RDNA3#

ROCm Compute Profiler makes available an extensive list of metrics to better understand achieved application performance on RDNA3.5 architecture based AMD Ryzen™ APUs like AMD Ryzen AI Max Series - Strix Halo (gfx1151).

To best use profiling data, it’s important to understand the role of various hardware blocks of AMD RDNA3 architecture. Refer to the following top-level block diagram to understand the hardware blocks of RDNA3 architecture.

AMD RDNA3 generation series block diagram — host CPU, system and device memory, memory controller, L2/L1 caches, global data share, command processors, ultra-threaded dispatch, and processor array of WGPs with CUs, LDS, instruction and constant caches

For more details on AMD RDNA3 architecture, see page 5 of RDNA3 shader instruction set architecture.

Note

ROCm Compute Profiler includes analysis panels targeting RDNA3.5 parts reporting as gfx1151 — for example, integrated graphics on AMD Ryzen AI Max Series - Strix Halo processors.

Memory hierarchy in the tool#

For gfx1151, the Memory Chart panel walks the path from instruction and scalar paths, TCP (GL0), LDS, interfaces to GL1C, GL2C, and GCEA toward system memory.

Workgroups and execution#

RDNA3 architecture based APUs organize compute around Workgroup Processors (WGPs) and Compute Units (CUs). Wavefronts are typically wave32-oriented in this configuration. The Workgroup processor (WGP), Shader Processor Input (SPI), and Command Processor Compute (CPC) panels in gfx1151 expose the dispatch, occupancy, and command-processor side metrics that complement the Instinct/CDNA Compute unit page, which uses terminology such as CU and Shader Engines (SE).

Hardware block chapters#

The RDNA3.5 architecture based metrics tables are categorized by the following blocks. Profiler concepts for RDNA use APU naming (such as, WGP, GL1/GL2) and embed the RDNA3.5 (gfx1151) metric tables under each block:

  • System Speed-of-Light — SoL table for gfx1151. It uses the same metric keys as the analysis panel.

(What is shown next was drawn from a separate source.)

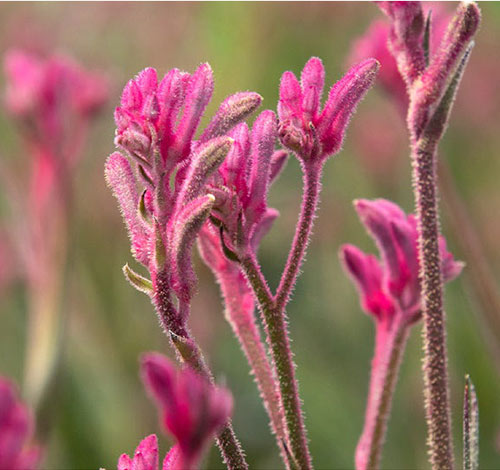 kanga pink kangaroo paw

  • Workgroup processor (WGP) — Roofline, WGP utilization, waves, instruction mix, WGP instruction and data caches.

  • GL0 — TCP (GL0): Panel tables and Memory Chart rows through TCP-GL1.

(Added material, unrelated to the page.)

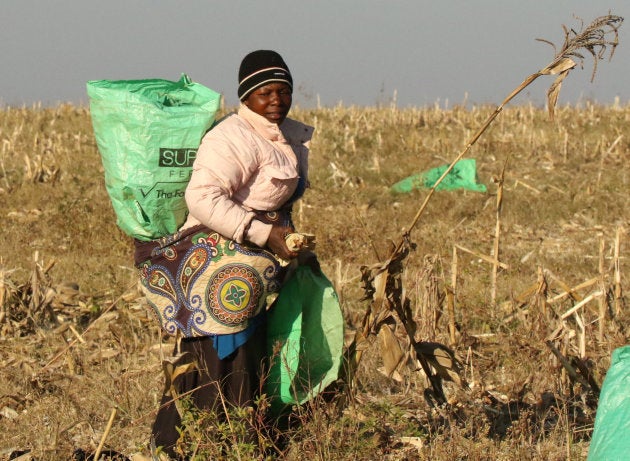 REUTERS/Philimon Bulawayo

  • GL1 — GL1C: Panel tables and Memory Chart GL1C Cache.

  • GL2 — GL2C, GCEA / DRAM / arbiter, and related panel metrics.

  • Shader engine — GRBM GPU/SE utilization and SPI dispatch statistics.

  • Command processor (CP) — CPC / Micro Engine (ME) metrics (same role as CDNA CP, different tab layout in gfx1151).

  • References — Public references and link to Instinct citations.

Note

ROCm Compute Profiler currently has limited support for WMMA on Strix Halo.